**PROBLEM DESCRIPTION**
Give back the full set of entries exactly, keeping each line intact.

(Records excerpted from a collection)
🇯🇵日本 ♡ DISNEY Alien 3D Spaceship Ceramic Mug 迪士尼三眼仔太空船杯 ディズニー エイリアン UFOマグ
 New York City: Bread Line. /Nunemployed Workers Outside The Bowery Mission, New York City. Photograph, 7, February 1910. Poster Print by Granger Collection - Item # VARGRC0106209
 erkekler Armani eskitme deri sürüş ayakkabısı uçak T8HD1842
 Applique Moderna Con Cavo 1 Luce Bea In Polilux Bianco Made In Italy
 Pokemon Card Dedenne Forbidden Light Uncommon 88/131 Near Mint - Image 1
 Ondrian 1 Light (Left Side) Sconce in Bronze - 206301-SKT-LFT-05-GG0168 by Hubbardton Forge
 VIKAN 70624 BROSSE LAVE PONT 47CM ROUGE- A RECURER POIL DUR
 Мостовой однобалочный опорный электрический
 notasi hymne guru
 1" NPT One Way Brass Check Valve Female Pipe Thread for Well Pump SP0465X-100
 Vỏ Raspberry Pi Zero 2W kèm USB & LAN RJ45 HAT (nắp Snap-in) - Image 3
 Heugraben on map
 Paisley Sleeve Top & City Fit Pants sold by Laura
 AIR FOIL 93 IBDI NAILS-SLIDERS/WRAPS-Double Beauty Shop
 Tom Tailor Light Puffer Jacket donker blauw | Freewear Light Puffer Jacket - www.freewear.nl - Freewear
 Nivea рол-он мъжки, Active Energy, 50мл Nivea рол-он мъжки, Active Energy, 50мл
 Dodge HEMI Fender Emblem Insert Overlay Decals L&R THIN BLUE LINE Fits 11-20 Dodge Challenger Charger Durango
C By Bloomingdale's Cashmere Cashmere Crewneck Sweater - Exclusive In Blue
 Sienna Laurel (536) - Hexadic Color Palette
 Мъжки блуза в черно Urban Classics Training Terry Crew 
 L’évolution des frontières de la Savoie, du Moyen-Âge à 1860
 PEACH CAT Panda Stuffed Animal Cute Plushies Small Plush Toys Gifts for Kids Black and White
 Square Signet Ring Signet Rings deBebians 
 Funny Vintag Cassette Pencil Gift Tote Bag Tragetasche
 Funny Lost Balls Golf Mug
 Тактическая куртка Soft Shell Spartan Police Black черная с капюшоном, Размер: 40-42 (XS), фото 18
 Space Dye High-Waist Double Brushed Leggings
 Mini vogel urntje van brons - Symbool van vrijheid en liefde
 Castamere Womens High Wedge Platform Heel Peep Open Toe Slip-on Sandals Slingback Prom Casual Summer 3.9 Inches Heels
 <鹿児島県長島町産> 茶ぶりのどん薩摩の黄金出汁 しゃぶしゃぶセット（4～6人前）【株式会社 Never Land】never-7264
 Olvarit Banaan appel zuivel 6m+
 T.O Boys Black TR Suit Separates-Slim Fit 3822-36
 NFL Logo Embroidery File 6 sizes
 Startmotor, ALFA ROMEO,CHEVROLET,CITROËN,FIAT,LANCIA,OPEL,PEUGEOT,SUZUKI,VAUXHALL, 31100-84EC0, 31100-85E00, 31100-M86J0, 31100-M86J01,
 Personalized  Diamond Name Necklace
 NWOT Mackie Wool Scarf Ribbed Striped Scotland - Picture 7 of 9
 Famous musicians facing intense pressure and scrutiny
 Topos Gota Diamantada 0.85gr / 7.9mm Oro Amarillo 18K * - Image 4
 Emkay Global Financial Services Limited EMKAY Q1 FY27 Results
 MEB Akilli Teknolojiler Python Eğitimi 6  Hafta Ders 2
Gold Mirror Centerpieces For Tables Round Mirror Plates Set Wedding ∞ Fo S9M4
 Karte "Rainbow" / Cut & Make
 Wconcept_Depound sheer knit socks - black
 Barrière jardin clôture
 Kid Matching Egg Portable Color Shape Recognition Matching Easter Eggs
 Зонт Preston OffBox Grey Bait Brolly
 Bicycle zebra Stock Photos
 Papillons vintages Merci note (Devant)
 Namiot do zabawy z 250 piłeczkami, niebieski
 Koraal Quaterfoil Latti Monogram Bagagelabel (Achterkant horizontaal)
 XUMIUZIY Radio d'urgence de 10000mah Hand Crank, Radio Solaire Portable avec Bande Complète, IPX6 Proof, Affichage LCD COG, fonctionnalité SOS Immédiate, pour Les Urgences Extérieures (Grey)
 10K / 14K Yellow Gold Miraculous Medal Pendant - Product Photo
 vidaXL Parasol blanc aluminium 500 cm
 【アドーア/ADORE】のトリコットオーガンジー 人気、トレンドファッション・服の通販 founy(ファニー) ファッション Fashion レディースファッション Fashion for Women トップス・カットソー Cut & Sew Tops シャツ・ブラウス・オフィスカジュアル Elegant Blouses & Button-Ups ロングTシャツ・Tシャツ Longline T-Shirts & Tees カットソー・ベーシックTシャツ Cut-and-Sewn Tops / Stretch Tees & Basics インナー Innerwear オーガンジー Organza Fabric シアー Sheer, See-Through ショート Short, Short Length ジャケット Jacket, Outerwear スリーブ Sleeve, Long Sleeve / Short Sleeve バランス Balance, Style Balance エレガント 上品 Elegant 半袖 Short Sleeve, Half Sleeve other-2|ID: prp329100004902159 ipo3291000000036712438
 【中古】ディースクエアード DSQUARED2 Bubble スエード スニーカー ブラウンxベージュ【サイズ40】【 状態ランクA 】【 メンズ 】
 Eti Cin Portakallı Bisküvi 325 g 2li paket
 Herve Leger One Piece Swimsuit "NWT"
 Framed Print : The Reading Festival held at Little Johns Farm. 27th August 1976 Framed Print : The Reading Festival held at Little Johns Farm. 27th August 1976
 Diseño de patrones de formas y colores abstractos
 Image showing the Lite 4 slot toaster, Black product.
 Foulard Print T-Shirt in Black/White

**ANSWER AREA**
🇯🇵日本 ♡ DISNEY Alien 3D Spaceship Ceramic Mug 迪士尼三眼仔太空船杯 ディズニー エイリアン UFOマグ
 New York City: Bread Line. /Nunemployed Workers Outside The Bowery Mission, New York City. Photograph, 7, February 1910. Poster Print by Granger Collection - Item # VARGRC0106209
 erkekler Armani eskitme deri sürüş ayakkabısı uçak T8HD1842
 Applique Moderna Con Cavo 1 Luce Bea In Polilux Bianco Made In Italy
 Pokemon Card Dedenne Forbidden Light Uncommon 88/131 Near Mint - Image 1
 Ondrian 1 Light (Left Side) Sconce in Bronze - 206301-SKT-LFT-05-GG0168 by Hubbardton Forge
 VIKAN 70624 BROSSE LAVE PONT 47CM ROUGE- A RECURER POIL DUR
 Мостовой однобалочный опорный электрический
 notasi hymne guru
 1" NPT One Way Brass Check Valve Female Pipe Thread for Well Pump SP0465X-100
 Vỏ Raspberry Pi Zero 2W kèm USB & LAN RJ45 HAT (nắp Snap-in) - Image 3
 Heugraben on map
 Paisley Sleeve Top & City Fit Pants sold by Laura
 AIR FOIL 93 IBDI NAILS-SLIDERS/WRAPS-Double Beauty Shop
 Tom Tailor Light Puffer Jacket donker blauw | Freewear Light Puffer Jacket - www.freewear.nl - Freewear
 Nivea рол-он мъжки, Active Energy, 50мл Nivea рол-он мъжки, Active Energy, 50мл
 Dodge HEMI Fender Emblem Insert Overlay Decals L&R THIN BLUE LINE Fits 11-20 Dodge Challenger Charger Durango
C By Bloomingdale's Cashmere Cashmere Crewneck Sweater - Exclusive In Blue
 Sienna Laurel (536) - Hexadic Color Palette
 Мъжки блуза в черно Urban Classics Training Terry Crew 
 L’évolution des frontières de la Savoie, du Moyen-Âge à 1860
 PEACH CAT Panda Stuffed Animal Cute Plushies Small Plush Toys Gifts for Kids Black and White
 Square Signet Ring Signet Rings deBebians 
 Funny Vintag Cassette Pencil Gift Tote Bag Tragetasche
 Funny Lost Balls Golf Mug
 Тактическая куртка Soft Shell Spartan Police Black черная с капюшоном, Размер: 40-42 (XS), фото 18
 Space Dye High-Waist Double Brushed Leggings
 Mini vogel urntje van brons - Symbool van vrijheid en liefde
 Castamere Womens High Wedge Platform Heel Peep Open Toe Slip-on Sandals Slingback Prom Casual Summer 3.9 Inches Heels
 <鹿児島県長島町産> 茶ぶりのどん薩摩の黄金出汁 しゃぶしゃぶセット（4～6人前）【株式会社 Never Land】never-7264
 Olvarit Banaan appel zuivel 6m+
 T.O Boys Black TR Suit Separates-Slim Fit 3822-36
 NFL Logo Embroidery File 6 sizes
 Startmotor, ALFA ROMEO,CHEVROLET,CITROËN,FIAT,LANCIA,OPEL,PEUGEOT,SUZUKI,VAUXHALL, 31100-84EC0, 31100-85E00, 31100-M86J0, 31100-M86J01,
 Personalized  Diamond Name Necklace
 NWOT Mackie Wool Scarf Ribbed Striped Scotland - Picture 7 of 9
 Famous musicians facing intense pressure and scrutiny
 Topos Gota Diamantada 0.85gr / 7.9mm Oro Amarillo 18K * - Image 4
 Emkay Global Financial Services Limited EMKAY Q1 FY27 Results
 MEB Akilli Teknolojiler Python Eğitimi 6  Hafta Ders 2
Gold Mirror Centerpieces For Tables Round Mirror Plates Set Wedding ∞ Fo S9M4
 Karte "Rainbow" / Cut & Make
 Wconcept_Depound sheer knit socks - black
 Barrière jardin clôture
 Kid Matching Egg Portable Color Shape Recognition Matching Easter Eggs
 Зонт Preston OffBox Grey Bait Brolly
 Bicycle zebra Stock Photos
 Papillons vintages Merci note (Devant)
 Namiot do zabawy z 250 piłeczkami, niebieski
 Koraal Quaterfoil Latti Monogram Bagagelabel (Achterkant horizontaal)
 XUMIUZIY Radio d'urgence de 10000mah Hand Crank, Radio Solaire Portable avec Bande Complète, IPX6 Proof, Affichage LCD COG, fonctionnalité SOS Immédiate, pour Les Urgences Extérieures (Grey)
 10K / 14K Yellow Gold Miraculous Medal Pendant - Product Photo
 vidaXL Parasol blanc aluminium 500 cm
 【アドーア/ADORE】のトリコットオーガンジー 人気、トレンドファッション・服の通販 founy(ファニー) ファッション Fashion レディースファッション Fashion for Women トップス・カットソー Cut & Sew Tops シャツ・ブラウス・オフィスカジュアル Elegant Blouses & Button-Ups ロングTシャツ・Tシャツ Longline T-Shirts & Tees カットソー・ベーシックTシャツ Cut-and-Sewn Tops / Stretch Tees & Basics インナー Innerwear オーガンジー Organza Fabric シアー Sheer, See-Through ショート Short, Short Length ジャケット Jacket, Outerwear スリーブ Sleeve, Long Sleeve / Short Sleeve バランス Balance, Style Balance エレガント 上品 Elegant 半袖 Short Sleeve, Half Sleeve other-2|ID: prp329100004902159 ipo3291000000036712438
 【中古】ディースクエアード DSQUARED2 Bubble スエード スニーカー ブラウンxベージュ【サイズ40】【 状態ランクA 】【 メンズ 】
 Eti Cin Portakallı Bisküvi 325 g 2li paket
 Herve Leger One Piece Swimsuit "NWT"
 Framed Print : The Reading Festival held at Little Johns Farm. 27th August 1976 Framed Print : The Reading Festival held at Little Johns Farm. 27th August 1976
 Diseño de patrones de formas y colores abstractos
 Image showing the Lite 4 slot toaster, Black product.
 Foulard Print T-Shirt in Black/White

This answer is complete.